We just streamlined Gretel’s Python SDK

Start building with synthetic data in just 3 lines of code 🚀

At Gretel, we strive to build tools that our users love. Our goal is to make Gretel the simplest and most enjoyable way for developers to generate high-quality synthetic data. This is why we are beyond excited to introduce the new high-level interface for our Python SDK, which we designed to be as simple, flexible, and intuitive as possible for our users.

With nearly 900k downloads, our Python SDK is one the most popular ways to build with Gretel. With the new interface, our users will save time (and brain power!) by writing 3x less code than was previously required. Their workflows will also be dramatically simplified through more thoughtful logging, helper methods for assessing synthetic data quality, and a streamlined way to dynamically customize model configurations. And since the interface is built on top of the lower-level SDK, no changes to any existing code are necessary.

Sounds awesome, right? Let’s dive in! 

A first look at our SDK’s new interface

The high-level interface is implemented in our SDK as the new Gretel object, which serves as a one-stop shop for interacting with Gretel’s APIs, models, and the associated artifacts. 

With the new interface, training a state-of-the-art deep generative model from scratch only takes a few lines of code:

from gretel_client import Gretel

gretel = Gretel(api_key="prompt")
trained = gretel.submit_train("tabular-actgan", data_source="data.csv")

Behind the scenes, Gretel spins up the necessary compute resources, loads and configures the model, and trains (in this case) our tabular ACTGAN model on the data in the input csv file.

Gretel’s Synthetic Data Quality Report is automatically generated and fetched for you to assess the quality of the model without leaving your notebook:

# view quality scores
print(trained.report)

# display full report in your notebook
trained.report.display_in_notebook()

On-demand synthetic data generation using any of your previously trained models is simple:

generated = gretel.submit_generate(trained.model_id, num_records=100)

Once again, Gretel will spin up the necessary compute resources to generate the data, so you don’t need to worry about managing cloud infrastructure or GPUs to run your model! 

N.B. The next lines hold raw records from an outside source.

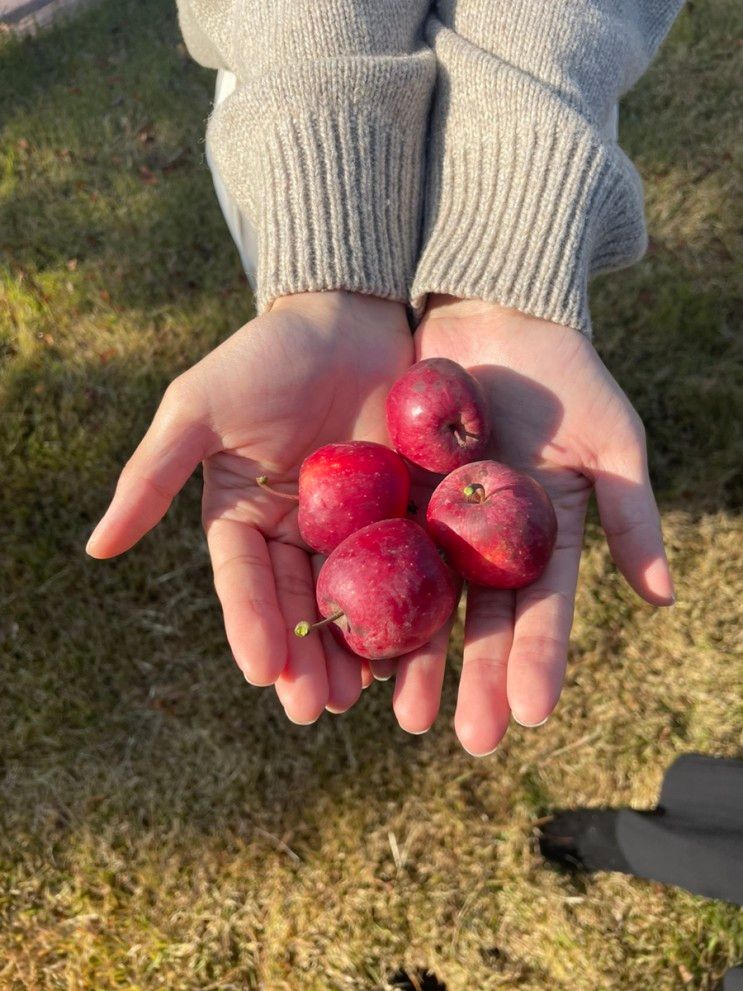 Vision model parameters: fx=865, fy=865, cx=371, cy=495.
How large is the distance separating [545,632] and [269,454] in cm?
93

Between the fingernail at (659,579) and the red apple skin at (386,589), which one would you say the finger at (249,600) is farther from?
the fingernail at (659,579)

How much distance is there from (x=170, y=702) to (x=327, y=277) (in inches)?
71.7

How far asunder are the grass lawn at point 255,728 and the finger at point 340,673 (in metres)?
1.13

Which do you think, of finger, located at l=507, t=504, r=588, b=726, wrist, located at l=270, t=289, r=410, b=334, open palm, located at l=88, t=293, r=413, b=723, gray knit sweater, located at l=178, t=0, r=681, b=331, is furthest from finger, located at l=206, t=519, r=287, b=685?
gray knit sweater, located at l=178, t=0, r=681, b=331

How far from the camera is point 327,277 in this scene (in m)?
2.71

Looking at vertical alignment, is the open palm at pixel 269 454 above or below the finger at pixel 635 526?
above

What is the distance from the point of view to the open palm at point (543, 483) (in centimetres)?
217

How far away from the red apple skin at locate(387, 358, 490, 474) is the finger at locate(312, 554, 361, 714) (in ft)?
1.92

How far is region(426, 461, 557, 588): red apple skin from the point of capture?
2.20 meters

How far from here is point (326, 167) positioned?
275 centimetres

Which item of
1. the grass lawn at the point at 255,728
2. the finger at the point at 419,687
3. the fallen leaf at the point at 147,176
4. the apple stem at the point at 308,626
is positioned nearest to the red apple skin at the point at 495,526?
the finger at the point at 419,687

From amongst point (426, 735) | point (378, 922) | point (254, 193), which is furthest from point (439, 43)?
point (378, 922)

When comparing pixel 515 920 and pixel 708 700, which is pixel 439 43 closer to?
pixel 708 700

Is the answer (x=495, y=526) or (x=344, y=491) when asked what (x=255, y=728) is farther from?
(x=495, y=526) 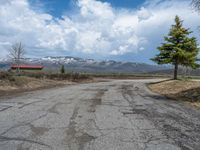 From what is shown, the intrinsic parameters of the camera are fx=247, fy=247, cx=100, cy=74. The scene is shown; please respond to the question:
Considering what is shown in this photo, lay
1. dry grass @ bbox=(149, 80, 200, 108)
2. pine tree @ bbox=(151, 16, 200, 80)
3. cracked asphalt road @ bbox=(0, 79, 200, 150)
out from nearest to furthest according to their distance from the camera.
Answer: cracked asphalt road @ bbox=(0, 79, 200, 150) → dry grass @ bbox=(149, 80, 200, 108) → pine tree @ bbox=(151, 16, 200, 80)

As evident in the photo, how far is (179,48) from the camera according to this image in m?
31.5

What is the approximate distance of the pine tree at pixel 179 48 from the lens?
3153cm

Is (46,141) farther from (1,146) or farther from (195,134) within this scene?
(195,134)

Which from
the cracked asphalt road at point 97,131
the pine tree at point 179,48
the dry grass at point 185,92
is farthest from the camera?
the pine tree at point 179,48

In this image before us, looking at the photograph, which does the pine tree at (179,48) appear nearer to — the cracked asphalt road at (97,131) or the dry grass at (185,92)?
the dry grass at (185,92)

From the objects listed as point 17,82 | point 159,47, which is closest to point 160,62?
point 159,47

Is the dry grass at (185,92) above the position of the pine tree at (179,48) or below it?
below

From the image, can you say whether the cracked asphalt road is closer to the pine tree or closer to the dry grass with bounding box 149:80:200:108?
the dry grass with bounding box 149:80:200:108

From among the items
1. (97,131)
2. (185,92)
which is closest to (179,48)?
(185,92)

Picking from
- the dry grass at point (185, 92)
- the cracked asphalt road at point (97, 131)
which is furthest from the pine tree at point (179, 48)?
the cracked asphalt road at point (97, 131)

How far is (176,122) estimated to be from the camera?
796cm

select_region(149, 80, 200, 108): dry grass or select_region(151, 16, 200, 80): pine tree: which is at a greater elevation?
select_region(151, 16, 200, 80): pine tree

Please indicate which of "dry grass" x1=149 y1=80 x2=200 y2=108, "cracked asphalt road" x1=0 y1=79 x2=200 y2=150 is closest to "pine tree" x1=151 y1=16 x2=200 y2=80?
"dry grass" x1=149 y1=80 x2=200 y2=108

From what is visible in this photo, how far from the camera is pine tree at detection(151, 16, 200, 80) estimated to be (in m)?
31.5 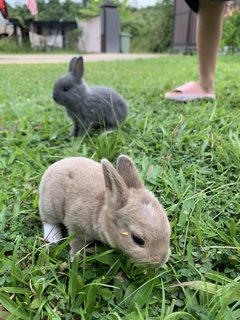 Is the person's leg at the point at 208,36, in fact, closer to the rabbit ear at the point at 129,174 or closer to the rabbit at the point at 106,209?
the rabbit at the point at 106,209

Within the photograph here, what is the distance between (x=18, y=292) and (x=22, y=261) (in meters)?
0.18

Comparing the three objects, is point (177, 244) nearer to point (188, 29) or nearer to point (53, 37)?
point (53, 37)

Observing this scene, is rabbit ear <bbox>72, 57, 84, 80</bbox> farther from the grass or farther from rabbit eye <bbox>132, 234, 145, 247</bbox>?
rabbit eye <bbox>132, 234, 145, 247</bbox>

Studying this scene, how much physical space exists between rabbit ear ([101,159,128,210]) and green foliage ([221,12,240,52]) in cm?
921

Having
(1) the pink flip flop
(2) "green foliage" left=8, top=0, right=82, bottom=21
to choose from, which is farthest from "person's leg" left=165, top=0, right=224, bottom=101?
(2) "green foliage" left=8, top=0, right=82, bottom=21

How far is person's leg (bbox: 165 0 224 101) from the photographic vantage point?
3.38m

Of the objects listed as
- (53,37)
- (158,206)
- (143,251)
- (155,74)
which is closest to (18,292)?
(143,251)

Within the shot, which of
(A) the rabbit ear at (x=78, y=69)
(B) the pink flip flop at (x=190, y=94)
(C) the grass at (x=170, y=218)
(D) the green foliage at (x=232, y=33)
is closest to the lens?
(C) the grass at (x=170, y=218)

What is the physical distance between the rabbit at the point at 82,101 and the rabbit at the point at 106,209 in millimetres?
958

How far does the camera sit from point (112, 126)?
9.25 ft

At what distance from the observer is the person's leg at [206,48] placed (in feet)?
11.1

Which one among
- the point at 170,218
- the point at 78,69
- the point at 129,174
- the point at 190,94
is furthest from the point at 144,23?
the point at 129,174

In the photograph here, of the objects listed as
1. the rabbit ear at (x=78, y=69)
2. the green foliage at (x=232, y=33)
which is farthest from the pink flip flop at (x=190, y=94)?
the green foliage at (x=232, y=33)

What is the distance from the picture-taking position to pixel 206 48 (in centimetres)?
358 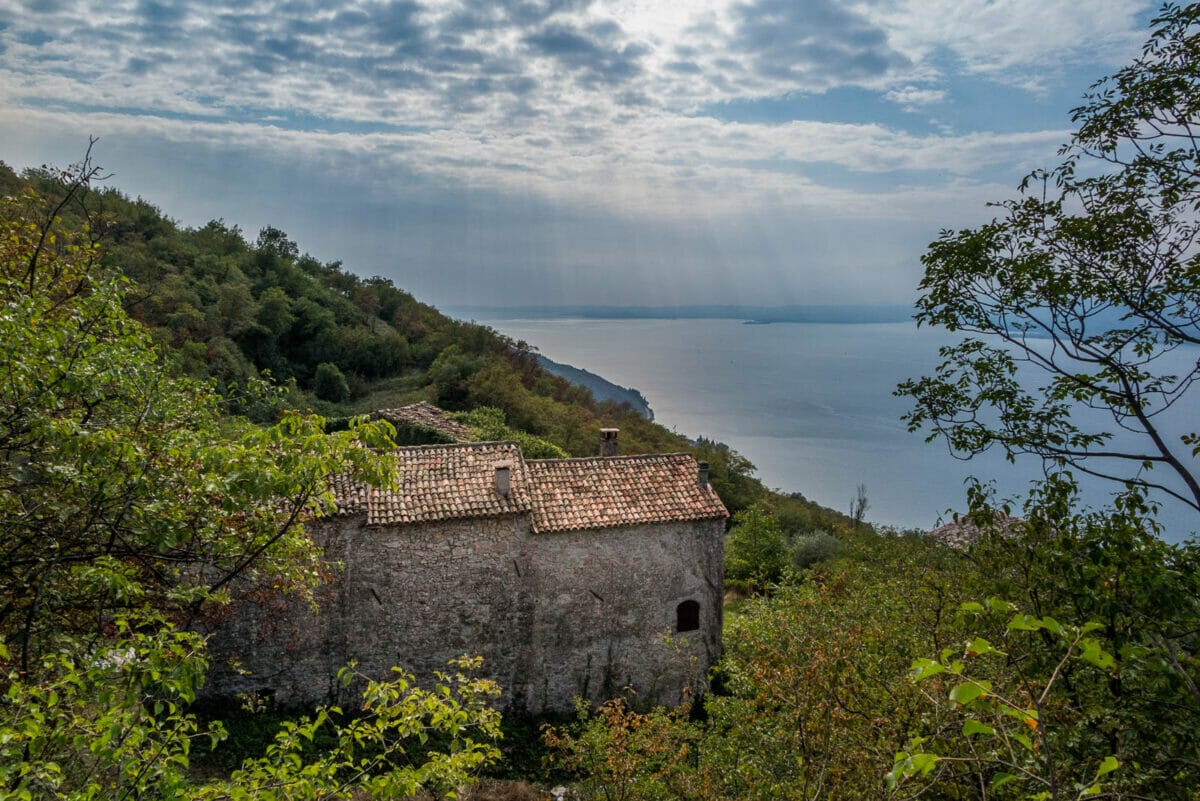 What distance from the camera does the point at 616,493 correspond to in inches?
736

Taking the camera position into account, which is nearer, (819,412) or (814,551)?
(814,551)

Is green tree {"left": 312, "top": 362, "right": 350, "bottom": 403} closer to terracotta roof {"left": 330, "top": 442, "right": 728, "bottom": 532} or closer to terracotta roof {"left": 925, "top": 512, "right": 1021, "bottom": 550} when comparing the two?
terracotta roof {"left": 330, "top": 442, "right": 728, "bottom": 532}

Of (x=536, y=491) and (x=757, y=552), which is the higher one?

Upon completion of the generation job, your synthetic data will be automatically fetched and stored as a Pandas DataFrame, making it straightforward to integrate into your data pipeline:

print(generated.synthetic_data.head())

Ready to build with Gretel? Start here 👇

The best way to get started with the Gretel SDK and its new high-level interface is to work through the Gretel SDK Blueprints, which are a series of Colab notebooks that are designed to provide a solid foundation for building your own projects with Gretel. 

  1. Gretel 101 Blueprint – Learn the basics of the Gretel SDK by training a deep generative model in the Gretel Cloud. 

  2. Gretel Advanced Tabular Blueprint – Use the Gretel SDK to easily customize model configurations and conditionally generate synthetic data.

  3. Gretel Text Generation Blueprint – Leverage the Gretel SDK to finetune and prompt a multi-billion parameter language model.

If you are already building with Gretel, you can start using the new interface right away by updating to the most recent version of our Python SDK:

pip install -U gretel-client

We can’t wait to see what you create with our synthetic data models and new SDK upgrades. Thanks for reading, and happy coding!